Mi portai vicino a una coppia di alberi cresciuti vicini, tanto che i
due tronchi si erano intrecciati tra loro, lasciando al centro una
fessura grande quanto la ruota di un camion.
Udii un rumore poco rassicurante alle mie spalle e, voltandomi,
trattenni a stento un grido: lo zombie aveva fatto ricorso ai propri
poteri per trasformarsi in un grosso toro non-morto: tutta la
metà destra del suo corpo era composta da un insieme di ossa
scoperte, la metà restante era uno schifoso ammasso di carne
putrefatta.
Fu allora che mi venne un’idea, seppur banale: mi posizionai
davanti alla coppia di alberi, agitando la bandiera arcobaleno.
- Ehi! – gridai. – Vieni qui, stupido bestione!
Vieni a prendermi!
Il toro sbuffò, facendo colare la saliva verdognola sul
prato, batté un paio di volte lo zoccolo a terra e
caricò, avanzando zoppicante ma rapido.
Mi scansai all’ultimo, portandolo a incastrarsi con la testa
nel buco lasciato dai tronchi intrecciati, mentre le corna di ossa
logore si spezzavano sul colpo; senza perdere tempo, cominciai a
conficcare più volte la punta del bastone nella sua gola,
per poi cercare di staccare la testa dal corpo con una serie di calci
ben assestati.
Proprio mentre cominciava ad aprirsi uno spiraglio di carne marcia
sull’attaccatura del collo, il bestione mutò
nuovamente, tornando all’aspetto precedente, ma, invece che
liberarsi dalla morsa dei due alberi, iniziò a crescere a
dismisura.
Il legno dei tronchi scricchiolò paurosamente, mentre un
grugnito rabbioso usciva dalla bocca del mostro. Alzai le braccia per
colpirlo di nuovo col bastone, ma stavolta lui fu più
svelto: serrò la mano destra a pugno, caricò il
braccio e mi colpì in pieno con tutta la sua forza,
facendomi volare contro il ponticello bianco.
Le lenti degli occhiali crepate, un forte colpo alla testa, il rumore
di ossa rotte.
E poi il buio.
Per alcuni istanti vagai in un cieco oblio, finché non
avvertii nuovamente il peso del mio corpo e una nauseante sensazione di
vuoto sotto i piedi.
Aprii gli occhi, battendo le palpebre più volte e cercando a
fatica di mettere a fuoco l’ambiente che mi circondava,
finché non mi resi conto di essere sospesa diversi metri
sopra il corso del fiume Charles.
Qualcuno mi stava sollevando per il polso, imprecando a bassa voce.
Alzai lo sguardo: era la valchiria dai capelli rossi che avevo visto
poco prima.
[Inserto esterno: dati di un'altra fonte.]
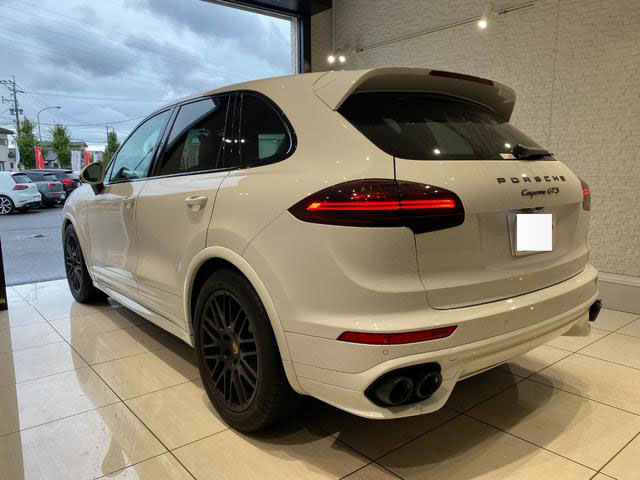 2018 PORSCHE CAYENNE GTS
Dimostrava circa una ventina d’anni, il suo volto
pallido era abbellito da una leggere spruzzata di lentiggini sul viso,
mentre i suoi magnetici occhi color ghiaccio mi fissavano freddi e
severi.
Vedendola, pensai immediatamente all’immagine di Sansa Stark
che avevo prodotto nella mia mente leggendo Le Cronache del Ghiaccio e del
Fuoco: età e lentiggini a parte, era
pressoché identica.
- Sei già cosciente? – domandò, senza
lasciar trasparire emozioni. – Mh, no, sei sveglia ma in
stato confusionale. Evita di agitarti troppo durante il tragitto.
Non so come, riuscì a
trascinarmi sopra il suo strano destriero, costringendomi a serrare le
braccia attorno alla sua vita e tenendomi i polsi stretti tra loro con
la mano sinistra.
Spronò quindi il cavallo, che sfrecciò rapido
lungo la scia del fiume, attraversando il parco per intero, svoltando
bruscamente non appena si ritrovò a sorvolare la zona urbana.
Il movimento mi provocò un tremendo capogiro. Poco prima di
svenire sperai si trattasse soltanto di un brutto sogno, poi le
tenebre mi inghiottirono di nuovo.
***
Angolo
dell’Autrice: Eccomi qua. Non sono riuscita
a resistere, la saga di Magnus Chase mi ha presa troppo.
Chi mi conosce mi
odierà di sicuro visto che ho varie storie da aggiornare. Lo
so. Fate bene.
Mi chiedo se abbia fatto bene a inserire la storia in questa sezione,
boh. In caso sia necessario spostarla avvisatemi.
Comunque, qui su EFP
Riley è la seconda protagonista omosessuale di questo
profilo (ne ho altre LGBT su Tinkerbell92, ma, a parte Ryan di Hunger
Games, appartengono ad altre categorie della comunità). La
prestavolto che ho scelto per lei è Jamie Clayton, alias
Nomi Marks di Sense8, ma ovviamente voi potete immaginarla come volete
XD
Ah, nella mia mente la
valchiria che la salva non ha il volto di Sophie Turner, ma Riley ha
pensato a Sansa perché, al tempo, aveva appena iniziato a
guardare la serie tv di GoT ed era ancora legata all’aspetto
dei personaggi che si era immaginata leggendo i libri.
Bene, spero che questo
primo capitolo vi sia piaciuto, grazie a tutti per aver letto!